*** Data ***
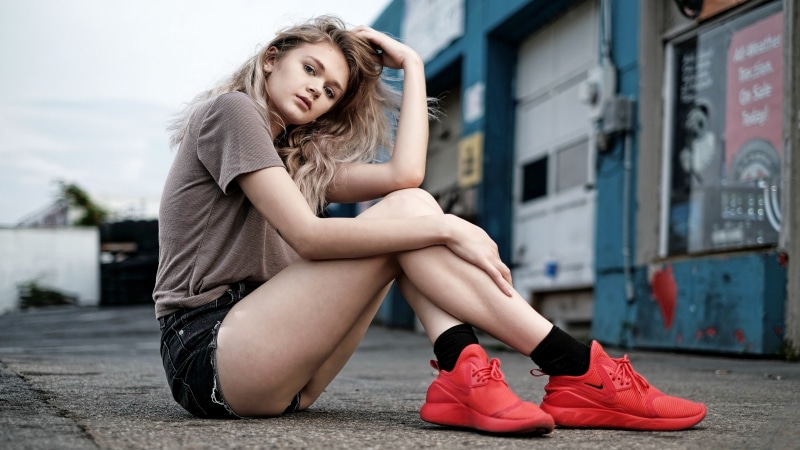Blonde girl sitting in athletic shoes and shorts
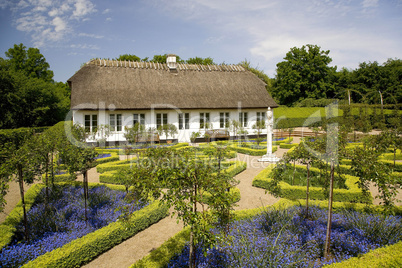 Old house and beautiful stylish gar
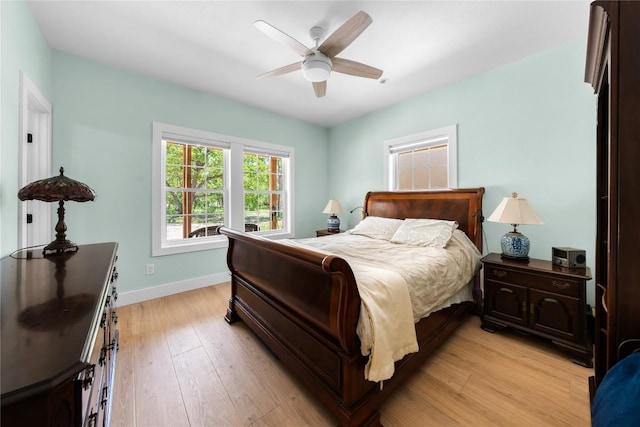 bedroom with light wood finished floors, baseboards, and a ceiling fan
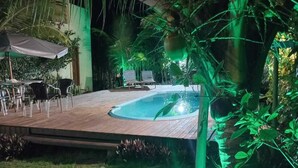 A pool area with lounge chairs and umbrellas, surrounded by lush greenery and palm trees. - Pousada Cantinho de taipu (Maraú)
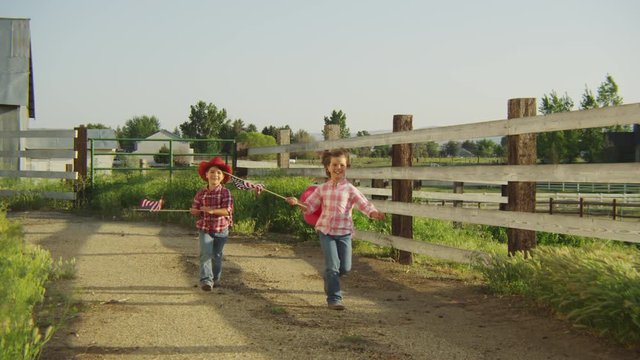 Two young cowgirls running and waving American flag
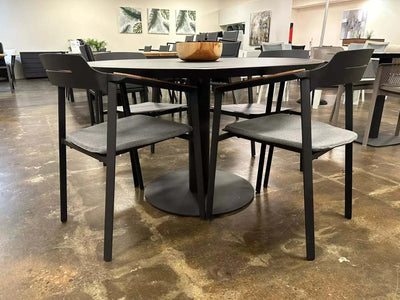 Pisa Outdoor Ceramic Round Dining Table with sleek ceramic top and durable aluminum frame.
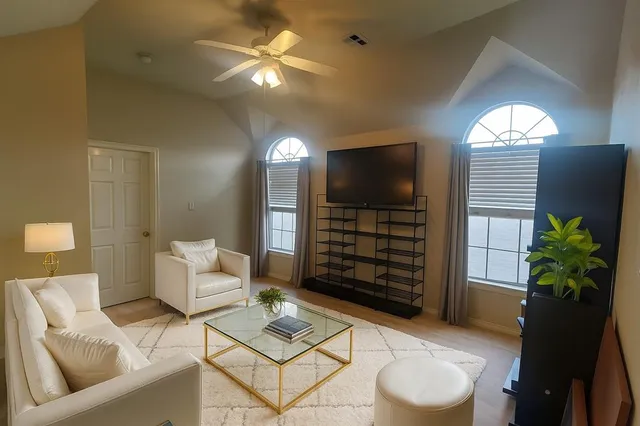 a living room with furniture and a flat screen tv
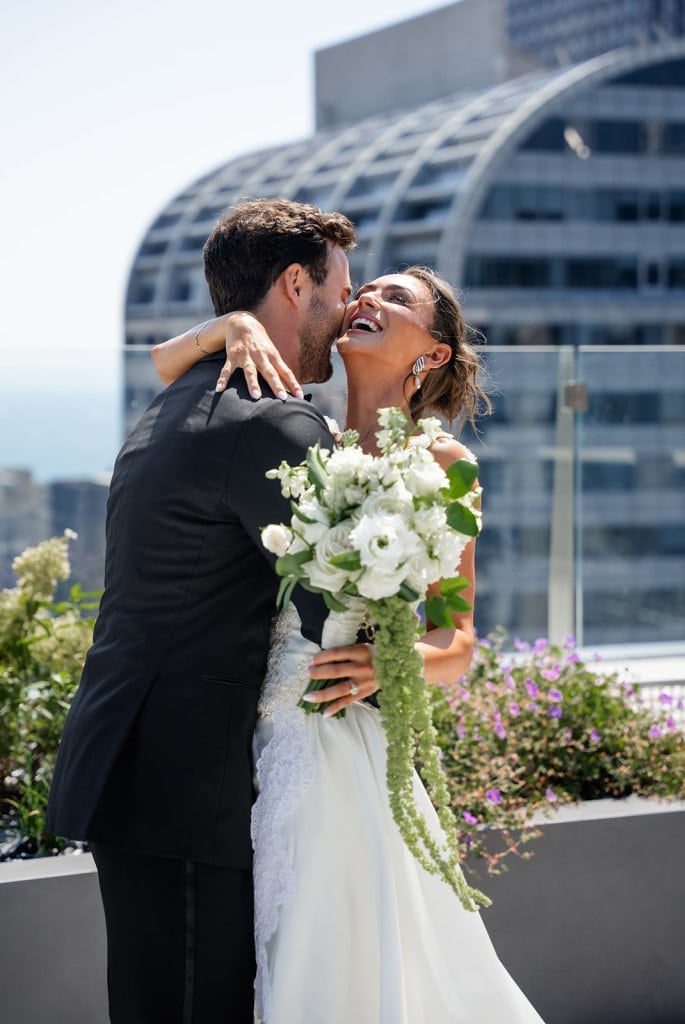 A couple celebrating their wedding outdoors with a modern cityscape background.
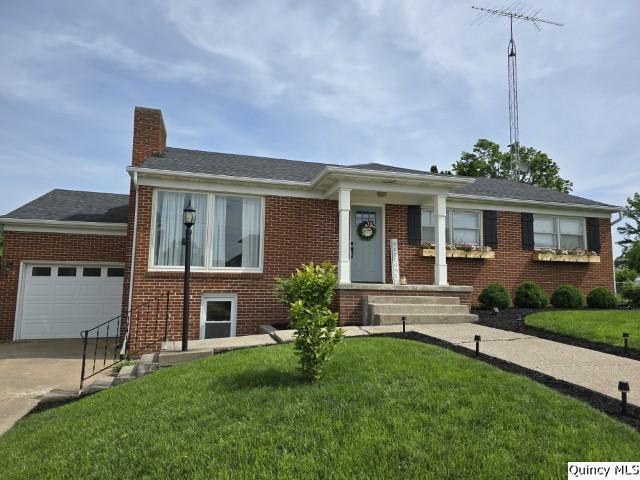 202 W Archer Ave, La Harpe, IL 62321 - view of front of house with a garage, concrete driveway, a chimney, and brick siding
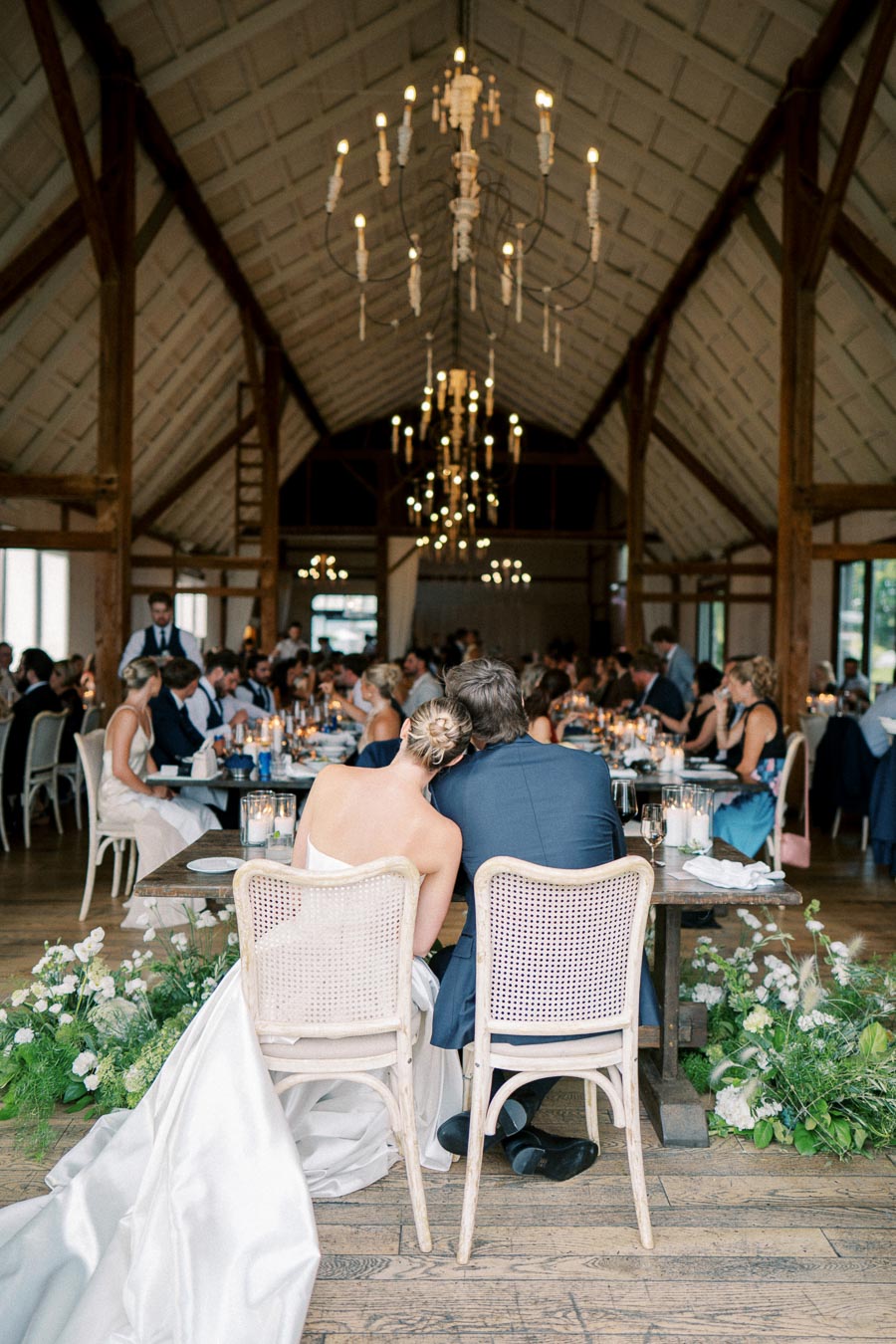 Elegant wedding reception in rustic barn with bride and groom seated closely, adorned with chandeliers and floral arrangements.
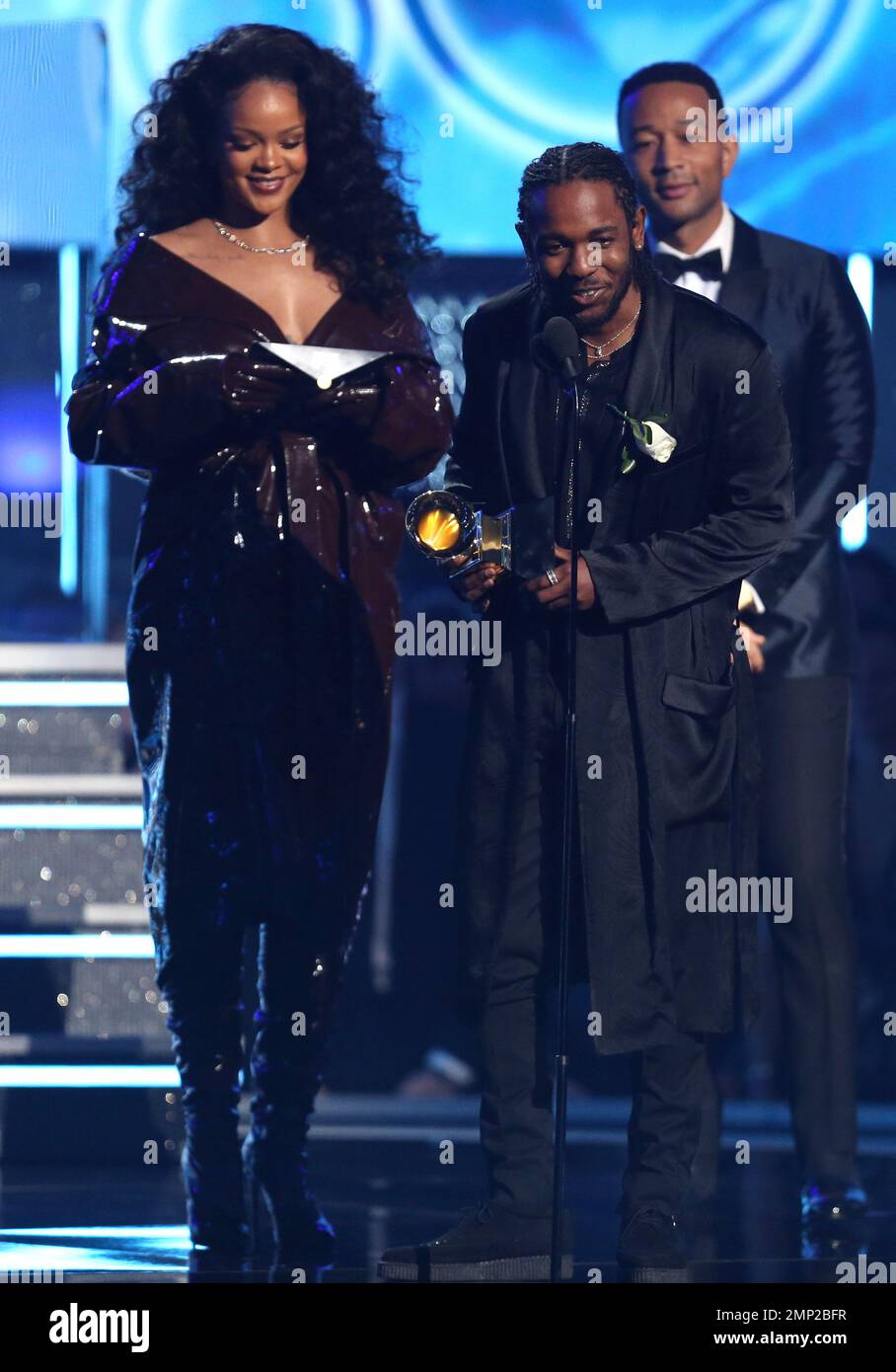 Rihanna, left, and Kendrick Lamar accept the award for best rap/sung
***
### Exercise description
Skip the pictures and reproduce all remaining entries exactly.

### Solution for this exercise
Blonde girl sitting in athletic shoes and shorts
 Old house and beautiful stylish gar
 bedroom with light wood finished floors, baseboards, and a ceiling fan
 A pool area with lounge chairs and umbrellas, surrounded by lush greenery and palm trees. - Pousada Cantinho de taipu (Maraú)
 Two young cowgirls running and waving American flag
 Pisa Outdoor Ceramic Round Dining Table with sleek ceramic top and durable aluminum frame.
 a living room with furniture and a flat screen tv
 A couple celebrating their wedding outdoors with a modern cityscape background.
 202 W Archer Ave, La Harpe, IL 62321 - view of front of house with a garage, concrete driveway, a chimney, and brick siding
 Elegant wedding reception in rustic barn with bride and groom seated closely, adorned with chandeliers and floral arrangements.
 Rihanna, left, and Kendrick Lamar accept the award for best rap/sung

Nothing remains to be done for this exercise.